» GOAL OF THE EXERCISE: Retype all of the entries exactly as they appear.

» RECORDS SUPPLIED:
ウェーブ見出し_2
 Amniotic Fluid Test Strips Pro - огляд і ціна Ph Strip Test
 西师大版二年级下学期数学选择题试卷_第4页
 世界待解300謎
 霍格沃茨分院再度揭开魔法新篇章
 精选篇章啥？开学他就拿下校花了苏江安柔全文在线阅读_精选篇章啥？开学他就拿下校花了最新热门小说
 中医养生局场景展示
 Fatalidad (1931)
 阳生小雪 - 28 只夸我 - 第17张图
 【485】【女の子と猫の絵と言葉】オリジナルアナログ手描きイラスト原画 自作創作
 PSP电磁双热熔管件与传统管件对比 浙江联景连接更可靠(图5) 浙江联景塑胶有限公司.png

» EXERCISE OUTPUT:
ウェーブ見出し_2
 Amniotic Fluid Test Strips Pro - огляд і ціна Ph Strip Test
 西师大版二年级下学期数学选择题试卷_第4页
 世界待解300謎
 霍格沃茨分院再度揭开魔法新篇章
 精选篇章啥？开学他就拿下校花了苏江安柔全文在线阅读_精选篇章啥？开学他就拿下校花了最新热门小说
 中医养生局场景展示
 Fatalidad (1931)
 阳生小雪 - 28 只夸我 - 第17张图
 【485】【女の子と猫の絵と言葉】オリジナルアナログ手描きイラスト原画 自作創作
 PSP电磁双热熔管件与传统管件对比 浙江联景连接更可靠(图5) 浙江联景塑胶有限公司.png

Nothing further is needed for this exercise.